Caption-style text data:
--------

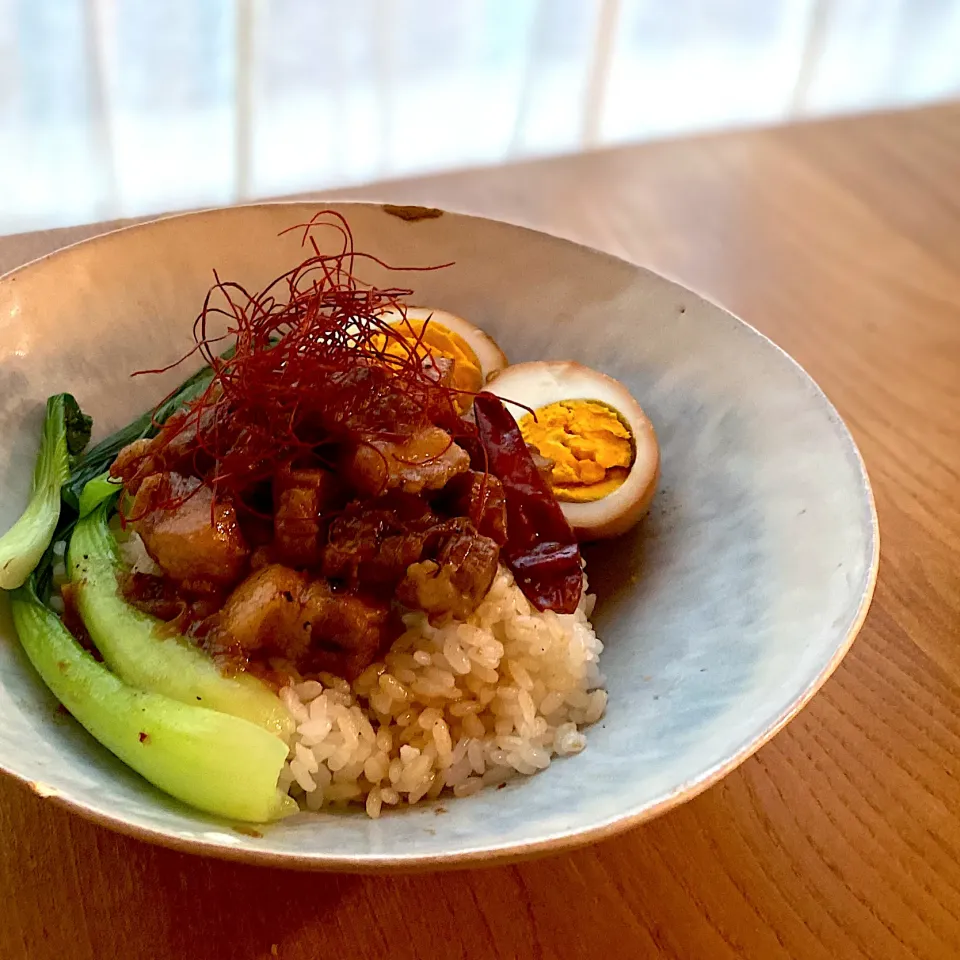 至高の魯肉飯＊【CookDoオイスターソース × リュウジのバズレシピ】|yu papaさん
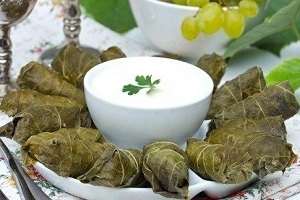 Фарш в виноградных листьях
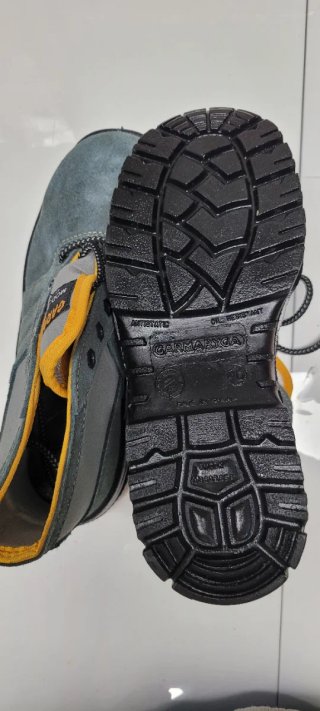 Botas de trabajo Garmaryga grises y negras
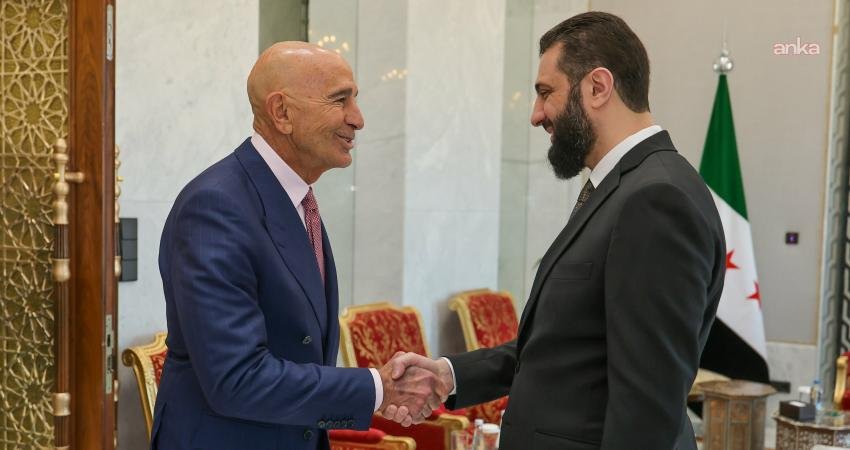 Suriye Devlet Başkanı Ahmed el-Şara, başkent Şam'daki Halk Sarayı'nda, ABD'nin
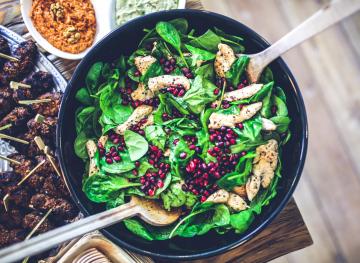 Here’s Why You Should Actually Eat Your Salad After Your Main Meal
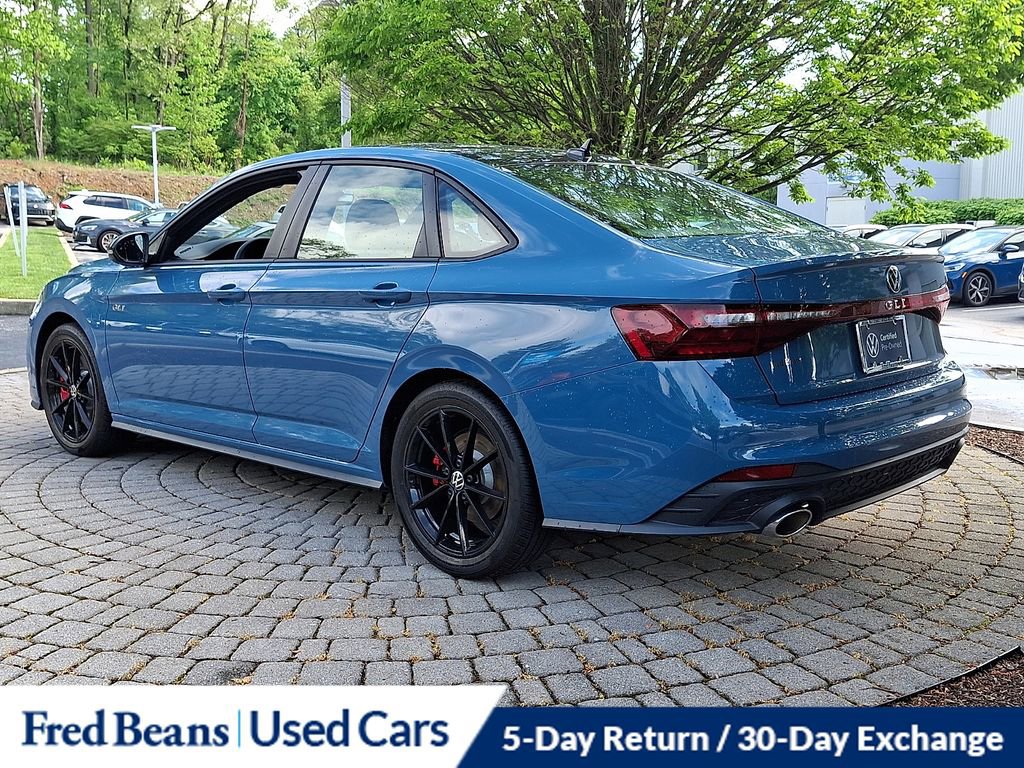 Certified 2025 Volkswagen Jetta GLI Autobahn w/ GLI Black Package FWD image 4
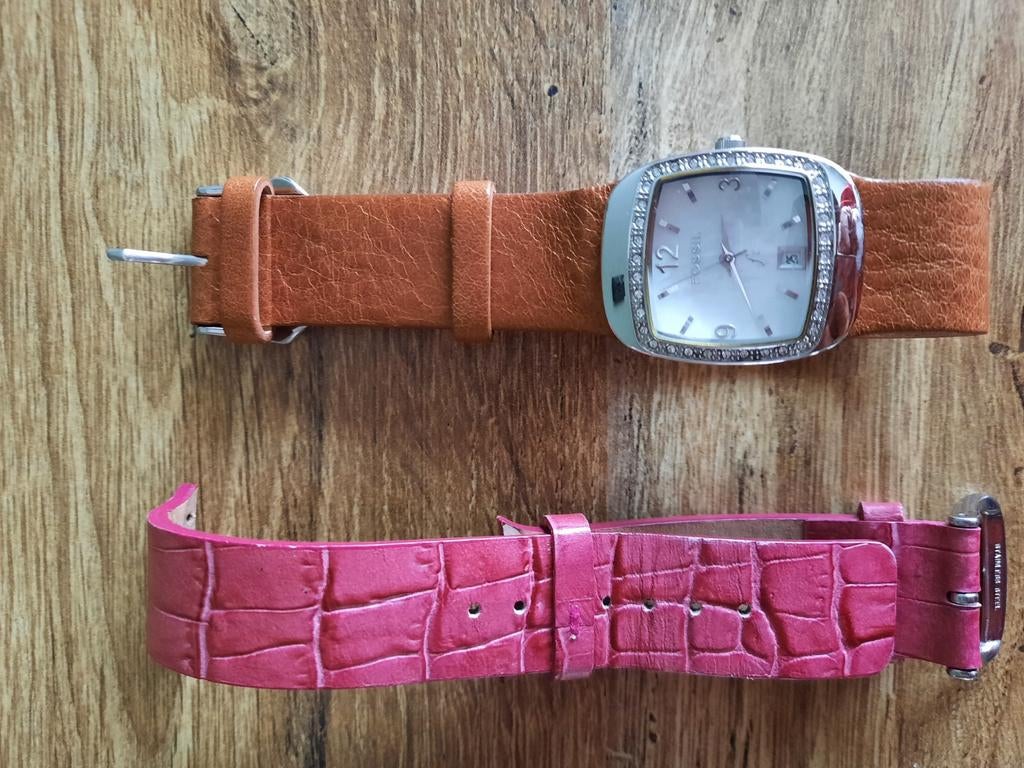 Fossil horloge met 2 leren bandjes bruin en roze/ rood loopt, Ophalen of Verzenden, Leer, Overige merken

--------

Problem description: Print the stretch of the data from the line with "Botas de trabajo Garmaryga grises y negras" through its last line, exactly and with both ends kept. Omit pictures.

Finished task:
 Botas de trabajo Garmaryga grises y negras
 Suriye Devlet Başkanı Ahmed el-Şara, başkent Şam'daki Halk Sarayı'nda, ABD'nin
 Here’s Why You Should Actually Eat Your Salad After Your Main Meal
 Certified 2025 Volkswagen Jetta GLI Autobahn w/ GLI Black Package FWD image 4
 Fossil horloge met 2 leren bandjes bruin en roze/ rood loopt, Ophalen of Verzenden, Leer, Overige merken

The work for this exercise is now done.